Trem noturno para Lisboa

Terminei de ler hoje “Trem noturno para Lisboa”, do escritor e filósofo suíço Pascal Mercier, lançado originalmente em 2004 e publicado pela Record em 2010. O livro, como um todo, é uma viagem. Em todos os sentidos. Às vezes é uma viagem na maionese. Noutras é uma viagem a sentimentos e pensamentos profundos da psicologia e da espiritualidade humana. Em determinados momentos é uma viagem lenta e vagarosa, que parece que não passa e não anda. Noutros, faz você ficar olhando pela janela, pensando na vida e nas suas loucuras.
Descobri esse livro totalmente por acaso. Como – se tudo der certo – vou viajar para a Europa pela primeira vez em breve, comecei a procurar livros com narrativas de viagem.
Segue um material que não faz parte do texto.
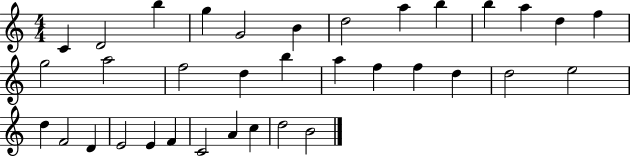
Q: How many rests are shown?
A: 0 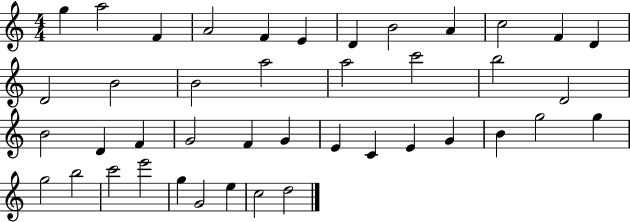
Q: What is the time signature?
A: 4/4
Lembrei-me do “Trem para a Suíça” do David Coimbra e, pesquisando esse livro, acabou aparecendo no Google a obra de Mercier. Comecei a ler resenhas, vi que era da Record, pesquisei um pouco sobre a biografia do autor e, zaz, encomendei-o-ô, como diria Sambarilove. E é justamente sobre isso que trata o livro: o acaso. O acaso e muitas outras coisas, que tentarei explanar da maneira mais clara possível, pois não é fácil, pois há muitas considerações, de todas as ordens, para serem feitas. A começar pelo ritmo da narrativa.
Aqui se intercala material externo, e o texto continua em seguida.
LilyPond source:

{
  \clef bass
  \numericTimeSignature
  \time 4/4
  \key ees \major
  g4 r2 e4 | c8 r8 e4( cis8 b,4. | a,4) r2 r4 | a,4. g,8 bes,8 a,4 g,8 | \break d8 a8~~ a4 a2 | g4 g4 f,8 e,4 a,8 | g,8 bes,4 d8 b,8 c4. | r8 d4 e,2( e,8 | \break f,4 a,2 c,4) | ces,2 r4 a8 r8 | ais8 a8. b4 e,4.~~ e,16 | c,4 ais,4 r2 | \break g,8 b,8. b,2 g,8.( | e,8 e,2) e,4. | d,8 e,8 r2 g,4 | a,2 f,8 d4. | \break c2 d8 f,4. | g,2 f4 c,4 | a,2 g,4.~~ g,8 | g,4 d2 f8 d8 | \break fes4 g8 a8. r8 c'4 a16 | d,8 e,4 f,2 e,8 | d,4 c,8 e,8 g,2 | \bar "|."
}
Esse é um livro que eu não indicaria para qualquer pessoa. Um iniciante em literatura certamente iria odiar e, provavelmente, pegaria nojo de romances. Tudo porque o ritmo é lento, como o andar de um trem antigo (apesar da história já acontecer no século XXI). O que você imagina que vai acontecer e até torce para que aconteça, não se realiza. Principalmente o final (mas não vou dar uma de spoiler). Eu já tinha lido alguns livros que demoram pra engrenar. Lembro que o “Viver para contar”, do Gabriel Garcia Marquez, eu tive que pegar para tentar ler umas três vezes, até que finalmente passei da página 30, quando tudo começa a fazer sentido. Já li outros livros que levou mais tempo ainda, mas esse se superou. A história começa a te empolgar um pouco mais lá pela página 200 (o livro tem 460 páginas). Até então, o ponto alto é o início, quando o personagem principal, Gregorius, um professor de Filologia de uma universidade na cidade suíça de Berna, vê uma moça que ameaça se jogar de uma ponte. Eles têm uma sequência de cenas bizarras até que ela, uma portuguesa, vai parar sentada em uma classe de uma das suas aulas. De repente ela se levanta e deixa a sala. Coincidentemente, logo depois dessa cena, Gregorius encontra um livro em português em um sebo de autoria de um tal de Amadeu Prado. Ele compra esse livro e, como bom filólogo, começa a traduzi-lo. Então, o professor simplesmente se apaixona pela obra e pelo autor e resolve partir em um trem noturno para Lisboa, deixando tudo para trás, para investigar quem foi aquele sujeito que queria reinventar a língua portuguesa porque acreditava que as palavras já não davam mais conta da complexidade da vida.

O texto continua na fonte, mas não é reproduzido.